The hash index is unsorted, so it supports equality lookups but no range queries.
A hash index can be created on one or multiple document attributes. A hash index will
only be used by a query if all indexed attributes are present in the search condition,
and if all attributes are compared using the equality (`==`) operator.
Hash indexes can optionally be declared to be unique, disallowing saving the same
value in the indexed attribute.
Hash indexes are supported by AQL and several query functions, e.g. `byExample`,
`firstExample` etc.
!SUBSECTION Skiplist Index
A skiplist is a sorted index structure. They can be used to quickly find documents
with specific attribute values but also support range queries. They can also be used
for sorting in AQL.
A skiplist can be created on one or multiple document attributes.
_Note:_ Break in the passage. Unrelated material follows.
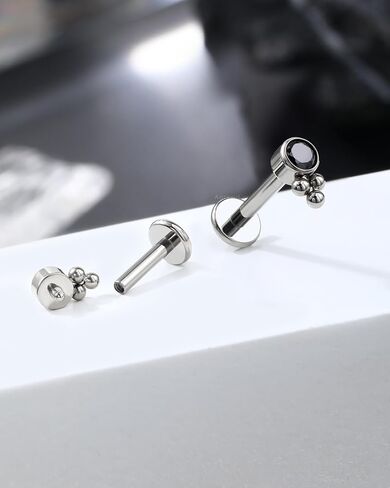 G23 Solid Titanium Cartilage Earrings Stud 16G Black CZ Helix Tragus Earrings for Women Internally Threaded Helix Medusa Tragus Piercing Jewelry in Saudi Arabia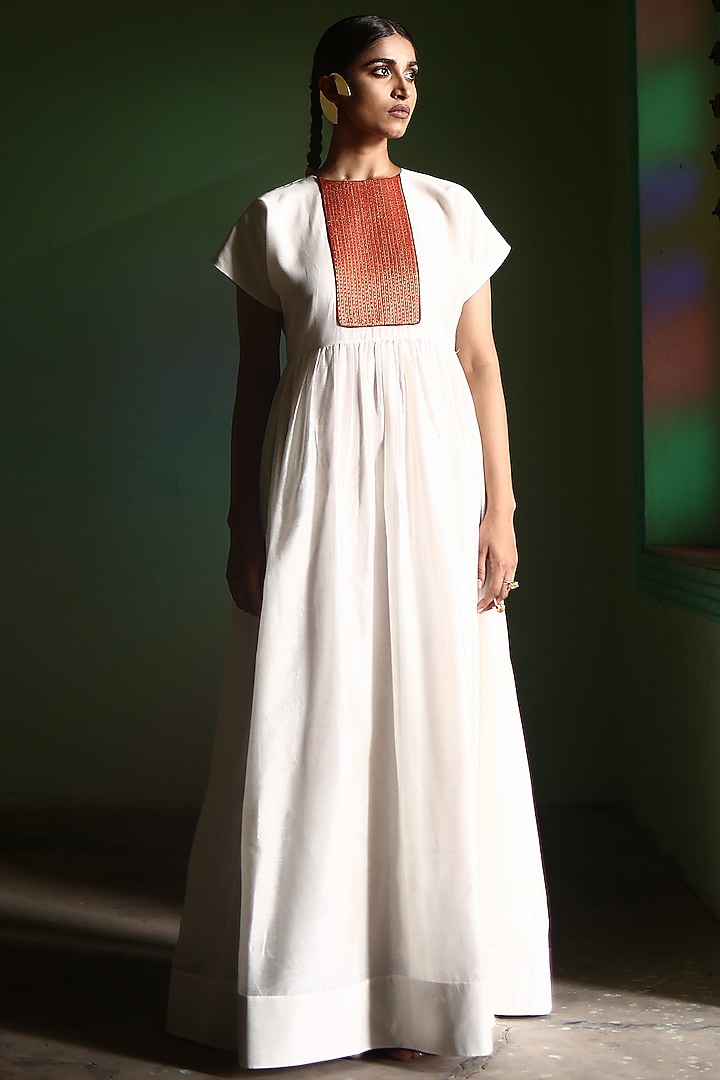 White Chanderi Silk Hand Embroidered Maxi Summer Dress by Aravi at Pernia's Pop Up Shop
Skiplists can optionally be declared to be unique, disallowing saving the same
value in the indexed attribute.
Skiplists are supported by AQL and several query functions, e.g. `byExample`,
`firstExample` etc.
!SUBSECTION Geo Index
A geo index is used to find places on the surface of the earth fast. The
geo index in ArangoDB supports near and within queries. There are special functions
to query geo indexes.
!SUBSECTION Fulltext Index
A fulltext index can be used to find words, or prefixes of words inside documents.
A fulltext index can be set on one attribute only, and will index all words contained
in documents that have a textual value in this attribute. Only words with a (specifyable)
minimum length are indexed. Word tokenization is done using the word boundary analysis
provided by libicu, which is taking into account the selected language provided at
server start. Words are indexed in their lower-cased form. The index supports complete
match queries (full words) and prefix queries.
!SECTION Index Identifiers and Handles
An *index handle* uniquely identifies an index in the database. It is a string and
consists of the collection name and an *index identifier* separated by a `/`. The
index identifier part is a numeric value that is auto-generated by ArangoDB.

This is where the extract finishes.